I feel like you're talking about economic abstractions without understanding the actual historical context.


I am not making any assumption about there being big standing armies. I am just trying to explain to you the basic principle that the economy is the deciding factor that governs everything else. I really just try to explain basic economic stuff.

History doesn't go perfectly linearly. There is always exceptions for every rule. You need to understand the broad stroke and main driving forces before going into the small.

The bigger picture is: Slave holding society -> feudalism -> capitalism

Not everywhere in the world and sometimes steps get skipped but that is the general tendency observed.

Edit: Removed a unnecessary sentence that was not very polite. Sorry about that.

>Are you not even able to understand abstractions and examples?

Your point might be more palatable without the swipes at someones intelligence.

I have a degree in history, I am well aware of the broad strokes, but you need to be able to align your theory with the historical fact.
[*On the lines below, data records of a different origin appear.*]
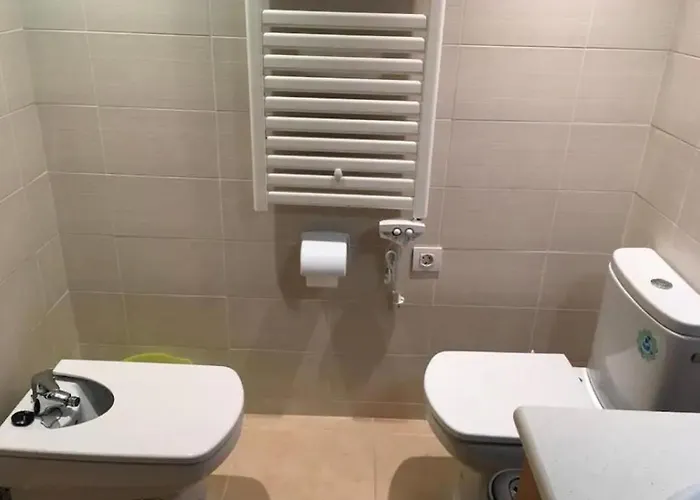 아파트 Precioso Piso Cerca De Playa Fenals Con 2 Piscinas Y Terraza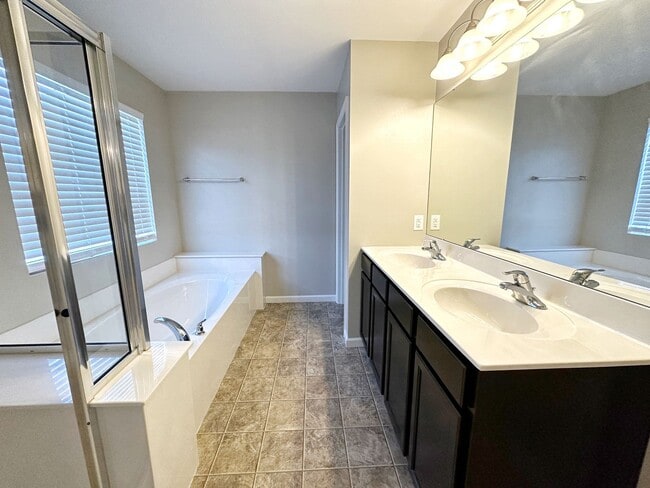 Building Photo - Coming SOON! Beautiful 3-Bedroom Townhome in Wentzville with Finished Basement and Community Amen...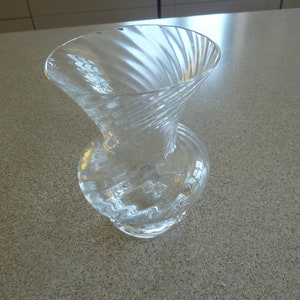 Vintage CRYSTAL VASE Dartington glass in box. 12cm/ 5&quot; tall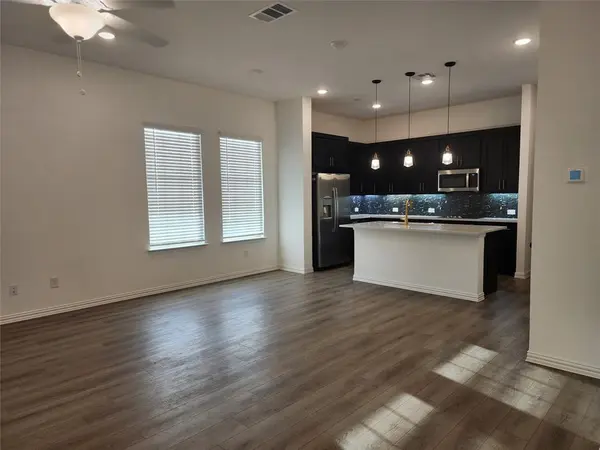 627 Redwood Way, Mansfield, TX 76063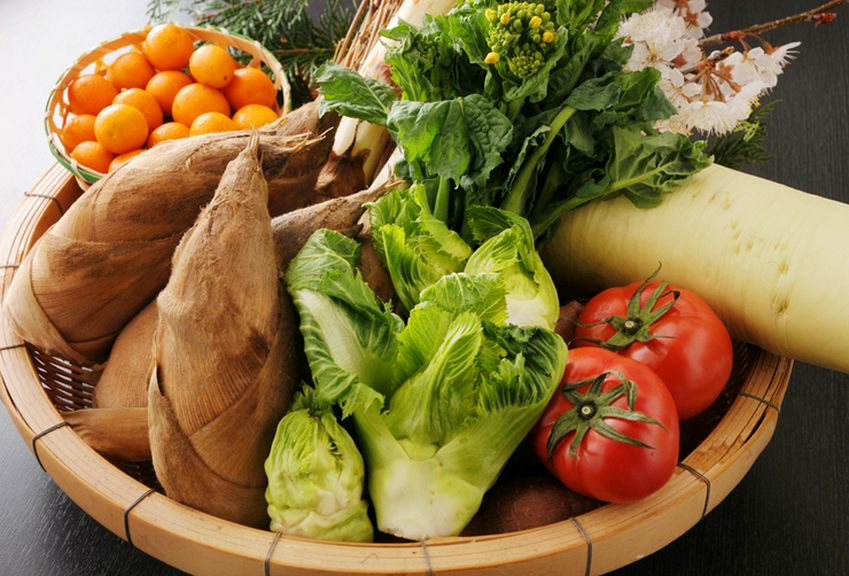 旬の野菜を使った“ほの花”オリジナルのお料理を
I'm not seeing the connections.

Your "bigger picture" doesn't make sense, as there have been capitalist societies with slave holding, and it's not just an "exception" - you're clearly thinking of things from a western context, and it was the west itself that had this exception. I don't know anywhere in the world that neatly aligns with your progression.

You're trying to explain history via the economy but in ways that don't align with the historical context. I can accept this is your personal belief, but I don't find it compelling.

Capitalist societies are capitalist. I don't get what point you try to make with saying they also have slavery. As a historian you should know the difference between defining features and what is secondary.

Modern slavery is a pretty different phenomenon to antique slave holding anyway.

It is fact that the vast majority of the world is capitalist today, no?

Yes, you can argue they are not purely this or that or whatever but I don't see what purpose that would serve other than muddle the conversation.

It is also historical fact, that the first countries that went through an industrialization where feudalistic, no? England, Germany, France so on.

So how is the progression I showed you not trivially true?

Yes it is eurocentric and the development in Asia was very different and yada, yda. Fair point but the industrialization started in Europe and that was no accident.

I am not even sure what you are actually disagreeing with.

> Capitalist societies are capitalist. I don't get what point you try to make with saying they also have slavery.

You literally said:

> Slave holding society -> feudalism -> capitalism

You're saying that slave holding societies stop holding slaves, become feudal and become capitalist. I'm saying they didn't. Slavery didn't stop through that progression. Your underlying argument is wrong.

Your argument that "The Roman empire was based on slavery and had to die so that humanity could progress." doesn't make any sense in that slavery didn't stop. Your two points, that Rome was based upon slavery, and that it had to die, seem totally unrelated to that.

This point: "That allowed producing more food with less workforce so many people were free to do other things and bigger cities could develop which in turn would set the foundation for making the industrial revolution possible." is also incorrect as that was not a result of Rome's fall. Europe was still massively agrarian for a millennia after, so that doesn't have any connection with Rome either.

You're drawing strained connections between disconnected facts and trying to wrap it all in some sort of logical and obvious progression that doesn't exist.

It's clear that no one is going to change your mind on this subject even though many have tried, so that's my final word on the matter.

I never wrote anything about stopping slavery. That is purely your interpretation. Please try to give more a charitable reading to what another person might be saying instead of going to the most extreme that seems easy to debunk.

Especially silly as I was specifically talking about agriculture. Yes, most of my food was not produced by slaves. Some might but that would be the exception.

It is sad that we couldn't talk about my actual points.